You’re not the first!
Remember though that, while you might feel like it, you aren’t the first family to take to the air; the crew will be used to dealing with families with babies and young children.
As for fellow passengers, there’s no telling how they’ll react. Most people grunt and groan when a child gets on their flight, but hey, such is life. Dont get embarrassed or stressed about keeping everyone happy. Focus on keeping your child happy and entertained, and all should go well.
Before the flight
Pack wisely and for all events:
- Bring plenty of small snacks, drinks and some treats for emergencies
- Pack one or even two changes of clothes for the baby and for yourself
- Don’t forget your child’s comforter – blankie or soother
- A bag of favourite toys and books; colouring and puzzle books are great for older children
- Some new small toys and books
Booking the flight
- Ask if the airline provides any extras for children – travel packs etc.
- If going on a long flight try to book a bulkhead seat – these seats are available on the bigger aircraft and are at the head of the aisle, so you will have a little extra room in front.
- Some airlines also carry special cots that can be assembled and fit into this space.
- Ask if you can pre-book allocated seats.
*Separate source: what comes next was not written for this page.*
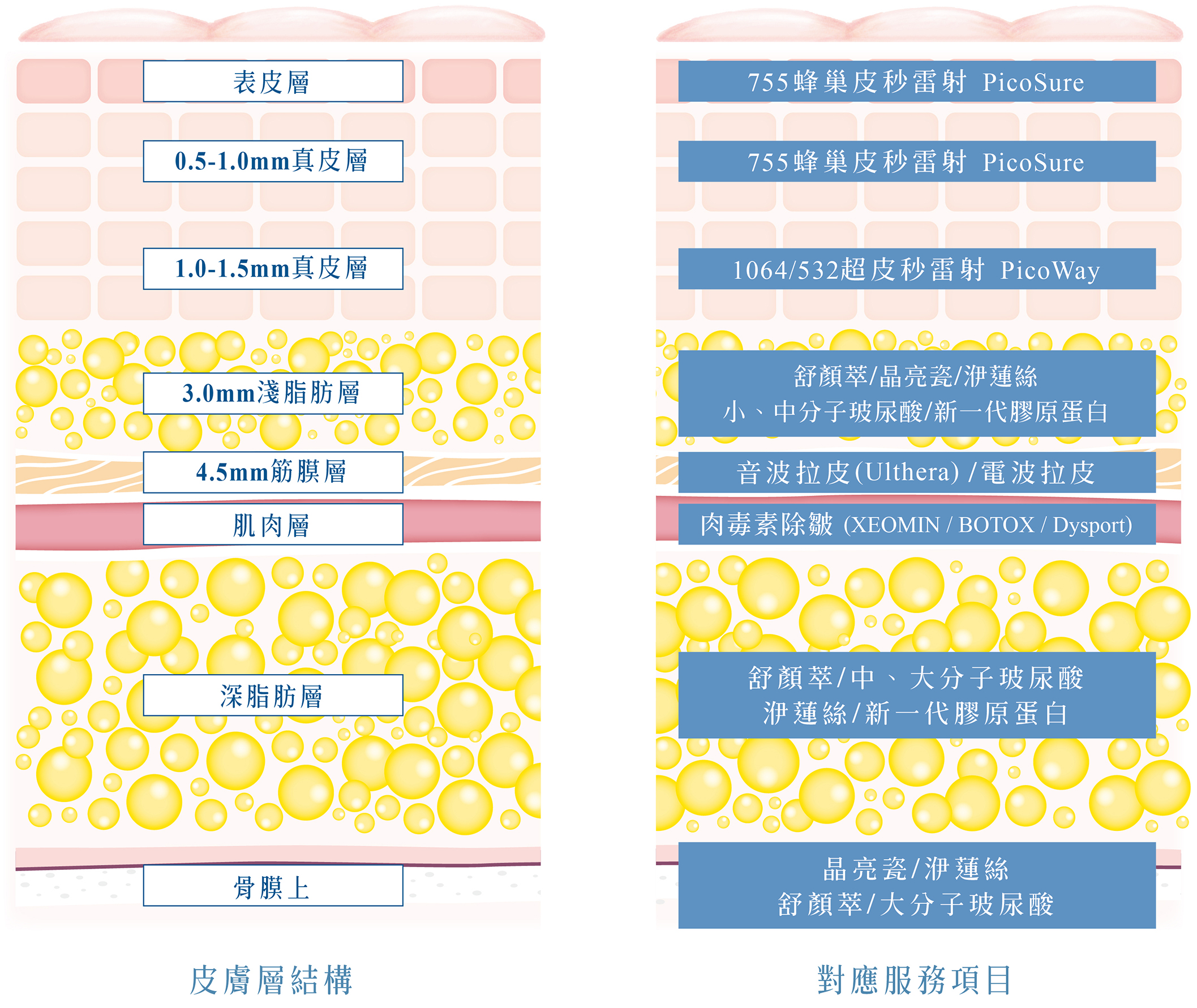 20skin美醫集團-「二林皮膚科/四季診所」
At boarding this means you can wait and board the plane last, giving your little one more time to run around at the boarding gate.
On the day
- Be sure to wear comfortable loose clothing, even though it may be very warm on the ground
- Sometimes the temperature on planes can feel a bit chilly so be sure to bring warm clothes for you and your child
- Change your child’s nappy just before you board the plane
- If your seats are pre-allocated, leave boarding the plane until the last minute, this gives your child a chance to run around for longer and also lessens the time they have to spend onboard
- Be sure to give your child something to suck on at take off and landing – this will help to stop their ears from popping
- Only produce the toys and books you have packed one at a time
- Save the best sweets or your child’s favourite toys for moments of ‘high tension’, when a major distraction is needed
- Make sure your child drink plenty of liquids throughout the flight as dehydration makes for a cranky child
- If you are two adults travelling, ask if you can be served your meals separately, to allow you to take turns minding your child while you each get a chance to eat. (Some airlines may not do this but many do.)
- Walking the aisle is a great distraction, but try to put off doing it, or you could end up spending the whole flight running up and down chasing your child.
Chances are that the flight will not be the nightmare you are dreading. Often, even children who do not sleep very well will sleep through a flight; this is probably because of the constant drone of the engines. The airplane itself will be a great distraction; the different activities and people may well entertain your child during the flight.
If your child becomes upset or distressed during the flight, try to react calmly. Chances are there will be other parents in the same position as you, and in general people are understanding about it.